## RECORDS SHOWN
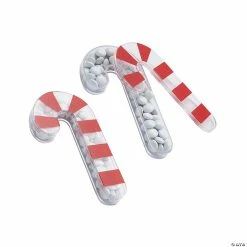 Discount ✔️ Candy Cane-Shaped Favor Containers - 12 Pc. 👍
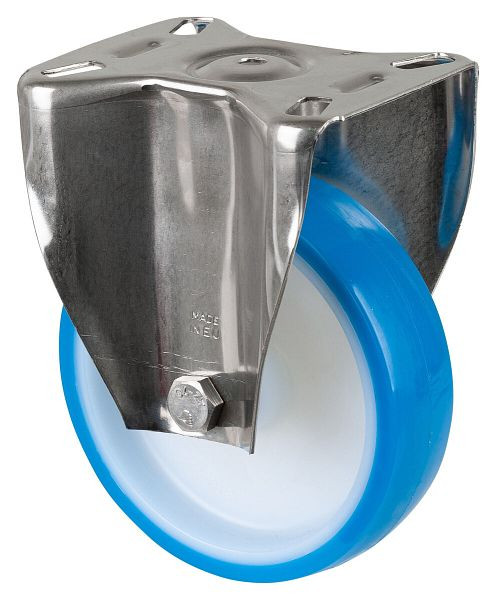 Rouleau de transport BS rollers inox, rouleau fixe, largeur 40 mm, Ø150 mm, jusqu'à 200 kg, polyuréthane bleu, corps de roue plastique, palier lisse, platine, H110.B32.150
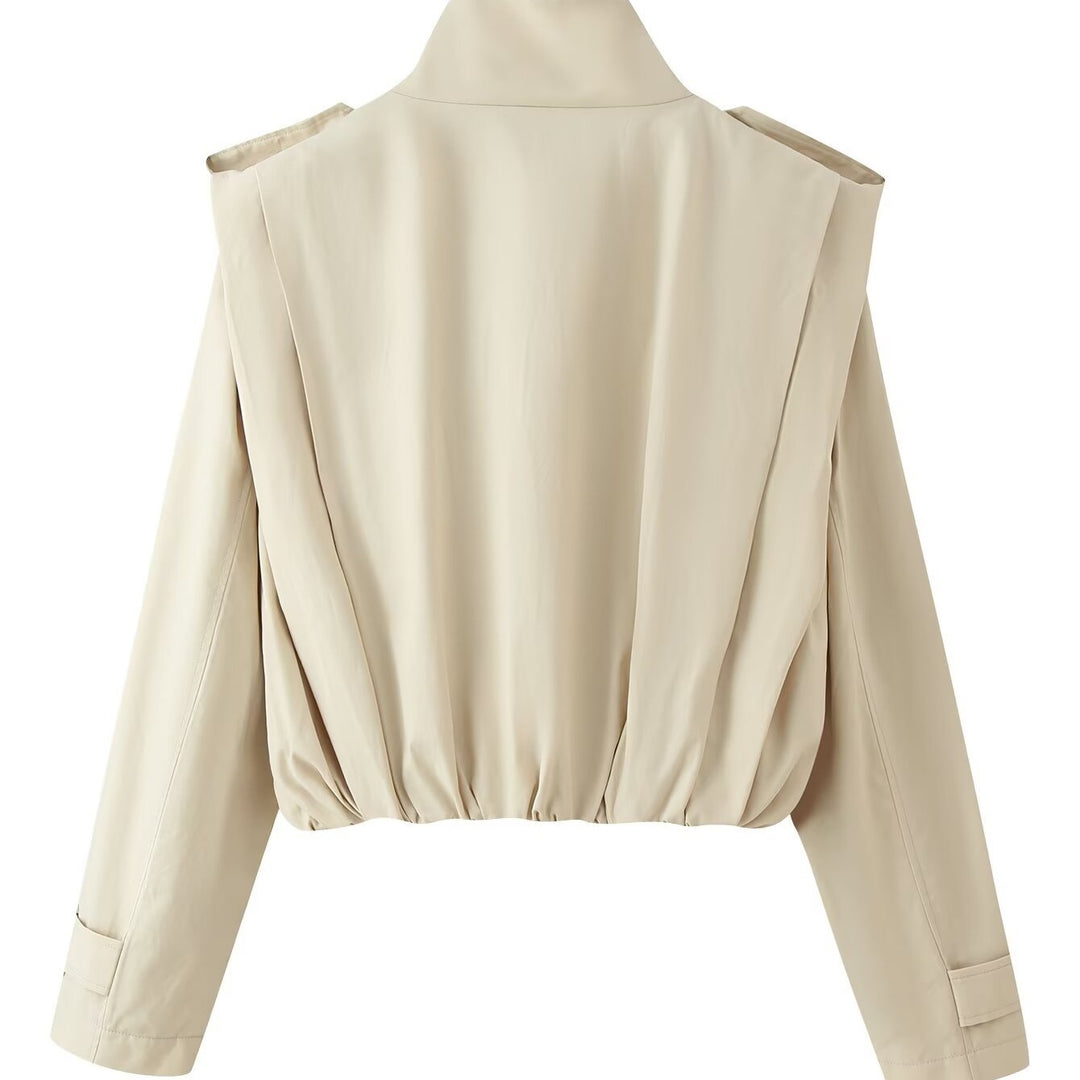 Damen Kurzjacke im Trenchstil, doppeltreihig mit hohem Stehkragen und Taillensmock Shop Nory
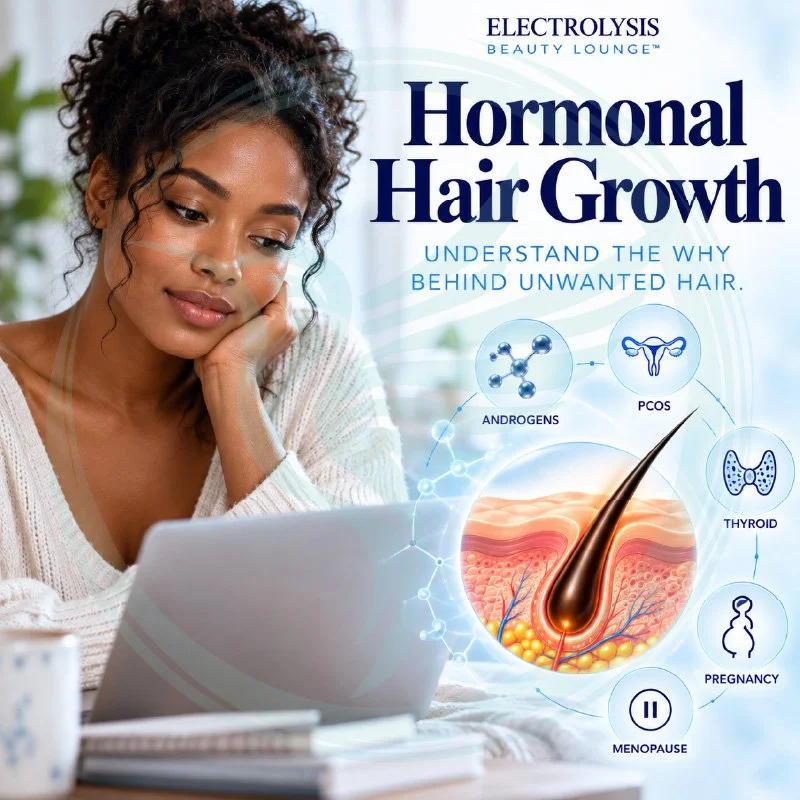 Educational infographic about hormonal hair growth by Electrolysis Beauty Lounge, explaining key hormones influencing hair growth like androgens, estrogen, progesterone, cortisol, and thyroid, common hormonal triggers such as puberty, menstrual cycle, pregnancy, menopause, and stress, areas where unwanted hair may grow, and how electrolysis permanently removes hair by targeting the hair at the root.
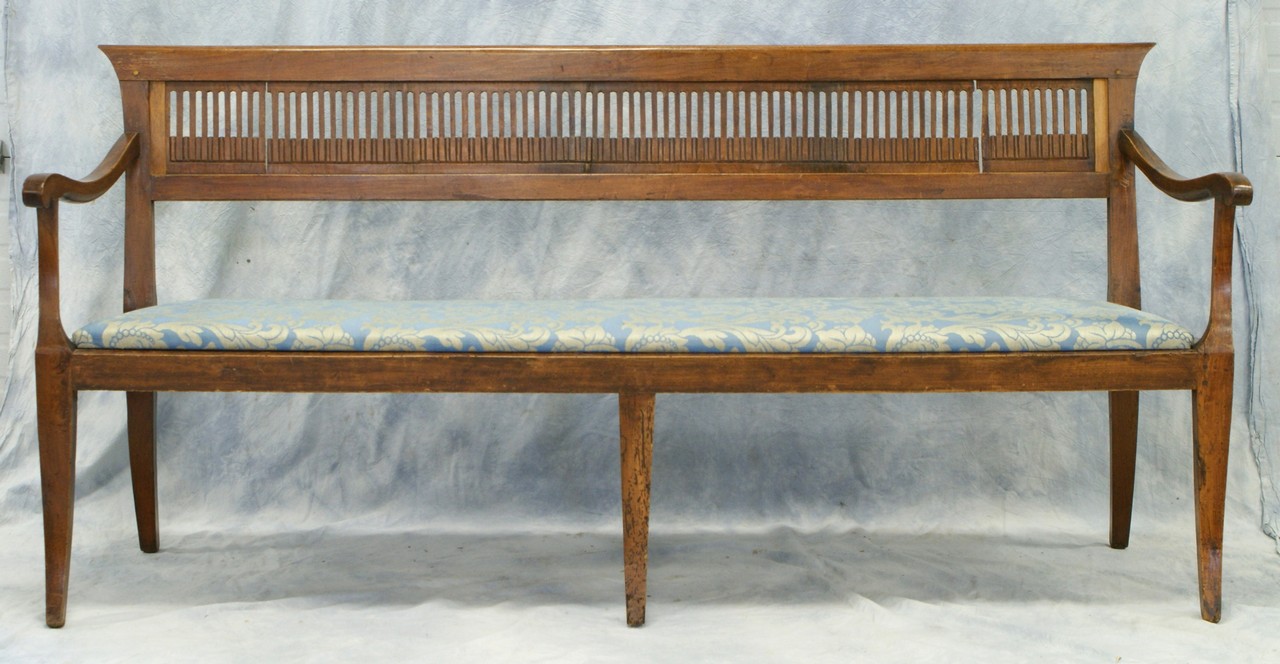 Appraisal: Continental mahogany settee with unusual pierced back splat scroll arms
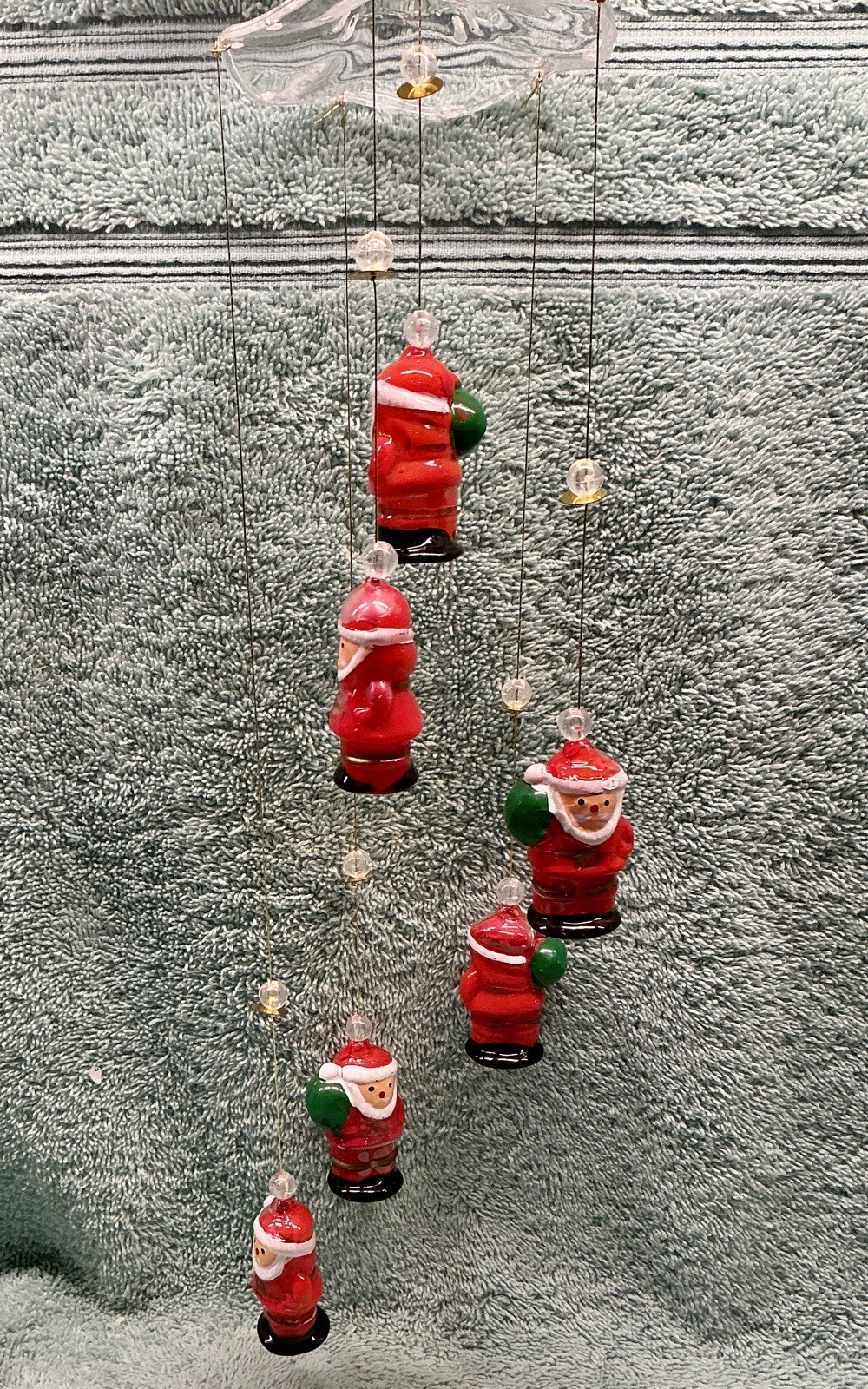 Vintage Mid-Century Glass Miniature Santa Claus Ornaments Mobile - NIB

## TASK GOAL
When you copy the entries, keep every word exactly as it stands and drop any pictures.

## SOLUTION
 Discount ✔️ Candy Cane-Shaped Favor Containers - 12 Pc. 👍
 Rouleau de transport BS rollers inox, rouleau fixe, largeur 40 mm, Ø150 mm, jusqu'à 200 kg, polyuréthane bleu, corps de roue plastique, palier lisse, platine, H110.B32.150
 Damen Kurzjacke im Trenchstil, doppeltreihig mit hohem Stehkragen und Taillensmock Shop Nory
 Educational infographic about hormonal hair growth by Electrolysis Beauty Lounge, explaining key hormones influencing hair growth like androgens, estrogen, progesterone, cortisol, and thyroid, common hormonal triggers such as puberty, menstrual cycle, pregnancy, menopause, and stress, areas where unwanted hair may grow, and how electrolysis permanently removes hair by targeting the hair at the root.
 Appraisal: Continental mahogany settee with unusual pierced back splat scroll arms
 Vintage Mid-Century Glass Miniature Santa Claus Ornaments Mobile - NIB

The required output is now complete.